The mood lighting made the mosquito difficult to track but maybe that was the point. I target one between my palms – CLAP – and he escapes. I spot another over the tortillas – CLAP – and he escapes. It’s surprising to find that no one notices or cares what I’m doing.

The more I think about it, the more mosquitos I spot. I realize they have no interest in fixing this problem. For them, it doesn’t exist. I was witnessing a great conflict in the fine-dining industry – the desire to solve problems v.s. the preservation of the show for the customer. In the ninth best restaurant in the world with three mosquitos swirling round me as I ate a 3000 day old mole, I knew which side they were on.

They escort me outside for dessert, which was a pretty fitting way to go since mosquitos aren’t out of place in a garden. Businessmen smoke cigars. A couple blows out candles on a coil of churro. Customers settle deep in their seats, eyes glazing over. A clown horn honks relentlessly on the street. I know from experience a man on his bike is selling sweets. Outside this place that noise is very much a part of Mexico. It’s normal. In here, it feels bizarre. More bizarre is that no one aside from me seems to hear it.
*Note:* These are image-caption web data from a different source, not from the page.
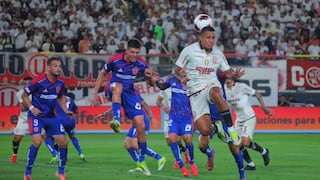 Universitario vs. U. de Chile (3-0): goles, resumen y video por la Noche Crema 2026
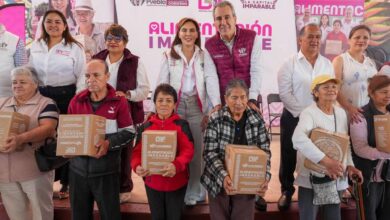 Pepe Chedraui, MariElise Budib, Gobierno de la Ciudad, Alimentación Imparable, La Libertad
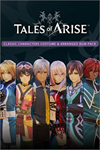 ️Tales of Arise - Classic Characters Costum XBOXDLC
Pujol feels like an oasis of time and space – or at least it’s designed to be. A ton of money was spent here to cultivate a specific experience. It wants to shield you from anything the chefs and creators have not crafted, but that’s an impossible feat. Fine dining on this level, I’m realizing, seems to be more about the fantasy. If its about service, nuanced touches, design and style and precision of a purely cultivated experience, then it seems to me fine dining is more a performance than it is a meal. And much like hypnotism, you have to be a willing participant in order for the fantasy to take hold.

The show is a part of any food establishment, from fine dining to street vendors. For me, the show and the food are inseparable. So much so, they should bleed into each other. So, why should the show of it all pretend to be something polished and pristine when eating tacos on broken plastic stools on a sidewalk can just as easily and more enjoyably include mosquitos as well?